Total Patterns:  1735706


In [33]:
# reshape X to be [samples, time steps, features]
X = np.reshape(dataX, (n_patterns, seq_length, 1))
# normalize
X = X / float(n_vocab)
# one hot encode the output variable
y = np_utils.to_categorical(dataY)

In [34]:
# define the LSTM model
model = Sequential()
model.add(Embedding(12278, 100, input_length = seq_length))
model.add(LSTM(256, input_shape=(X.shape[1], X.shape[2])))
model.add(Dropout(0.2))

# Extra layer, because computers need to work
#model.add(LSTM(256))
#model.add(Dropout(0.2))

model.add(Dense(y.shape[1], activation='softmax'))
model.compile(loss='categorical_crossentropy', optimizer='adam')

In [36]:
# define the checkpoint - keep the best one
filepath="char-textgen-weights-improvement-{epoch:02d}-{loss:.4f}.hdf5"
checkpoint = ModelCheckpoint(filepath, monitor='loss', verbose=1, save_best_only=True, mode='min')
callbacks_list = [checkpoint]

### Fit and run!


In [None]:
model.fit(X, y, epochs=5, batch_size=128, callbacks=callbacks_list)
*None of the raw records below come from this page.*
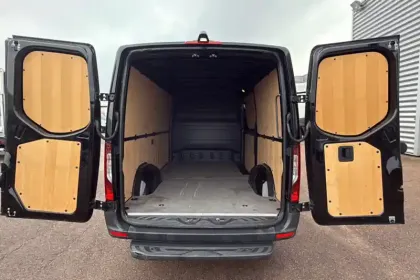 Photo 8 Mercedes Sprinter  FGN 319 CDI 37 3.5T RWD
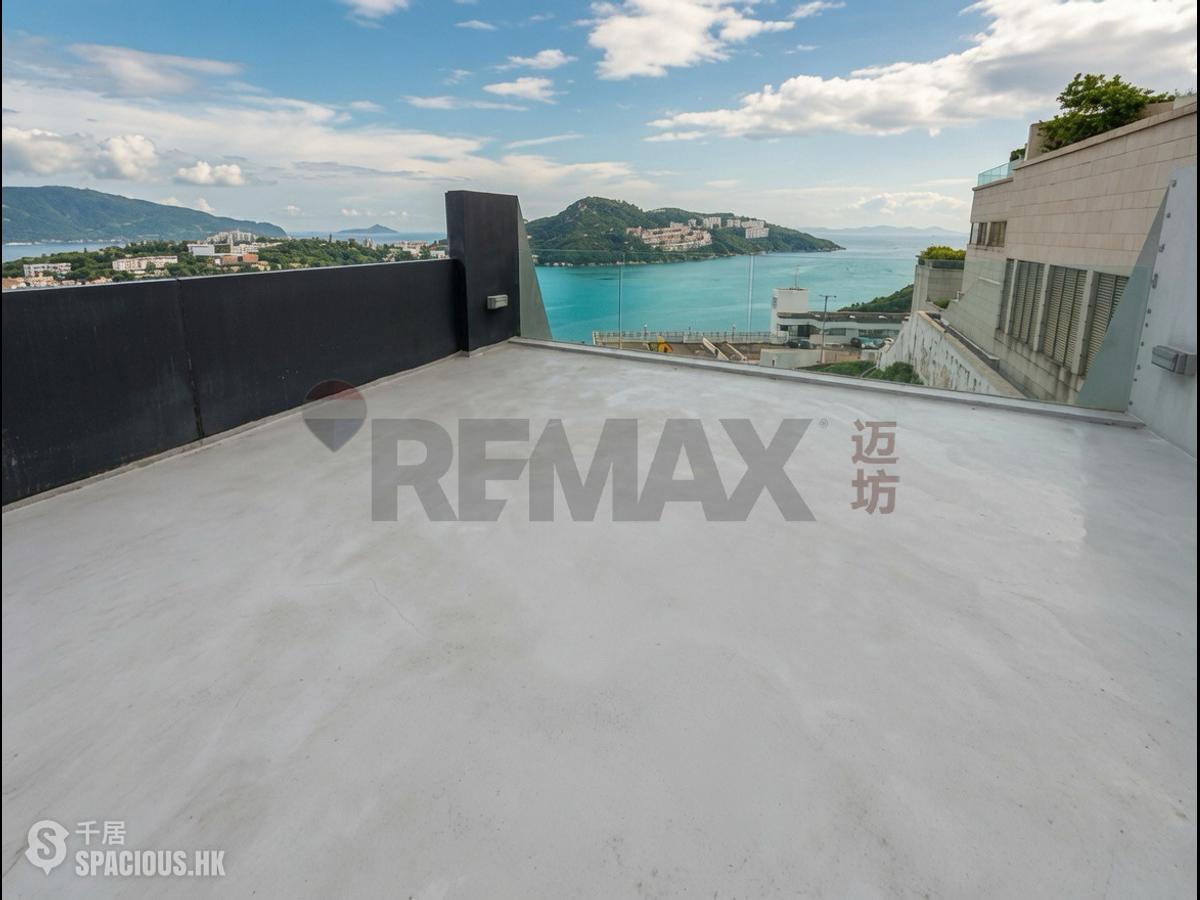 Chung Hom Kok - Pinewaver Villas 01
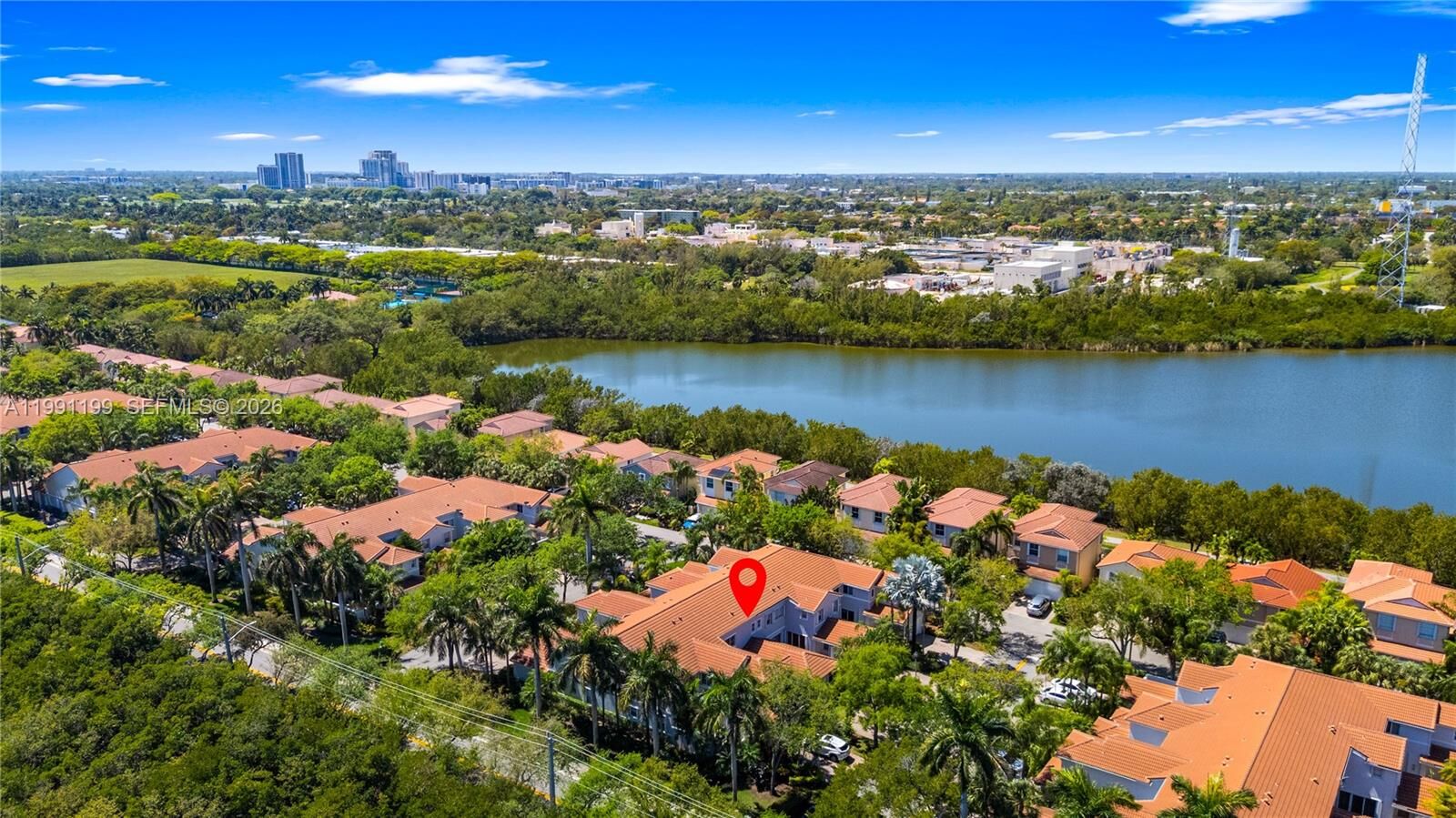 Property Photo:  1120 Canella Ln 1120  FL 33019 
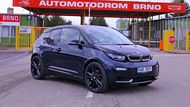 BMW i3 je tak spolu s Teslou Model 3 aktuálně nejprodávanějším elektromobilem z druhé ruky ve zmíněném autobazaru.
We are using the below to save the model and move it over to Streamlit for deployment.

In [None]:
tf.keras.models.save_model(model, "saved_final_model.hp5", save_format="h5")

The below is for loading the weights and then generating text from it.

In [135]:
# load the network weights
best_model = "../code/word-textgen-weights-improvement-20-6.8268.hdf5"
model.load_weights(best_model)
model.compile(loss='categorical_crossentropy', optimizer='adam')

In [136]:
int_to_char = dict((i, c) for i, c in enumerate(chars))

In [None]:
# pick a random seed
start = np.random.randint(0, len(dataX)-1)
pattern = dataX[start]
print ("FADE IN:")
# include a space in the join statement if doing word2Vec
print ("\"", ''.join([int_to_char[value] for value in pattern]), "\"")

# generate characters
for i in range(50):
	x = np.reshape(pattern, (1, len(pattern), 1))
	x = x / float(n_vocab)
	prediction = model.predict(x, verbose=0)
	index = np.argmax(prediction)
	result = int_to_char[index]
	seq_in = [int_to_char[value] for value in pattern]
	sys.stdout.write(result)
	pattern.append(index)
	pattern = pattern[1:len(pattern)]
print ("\nFADE OUT.")

### Evaluations

The first running of the text generation model involved some hilarious outcomes, namely the fact that, after a while, the only word being produced was, "to". I can't say it's a roaring success, but it has been fun to try! I deployed a char2Vec model on Streamlit, which you can also find in this repo.

The word2Vec model began spewing either the word "the" or "thicker" repeatedly at the end, which is not useful. It seems to only work for around 50 words before it becomes unintelligible. And it also doesn't keep the general structure of a screenplay, which is an issue in itself.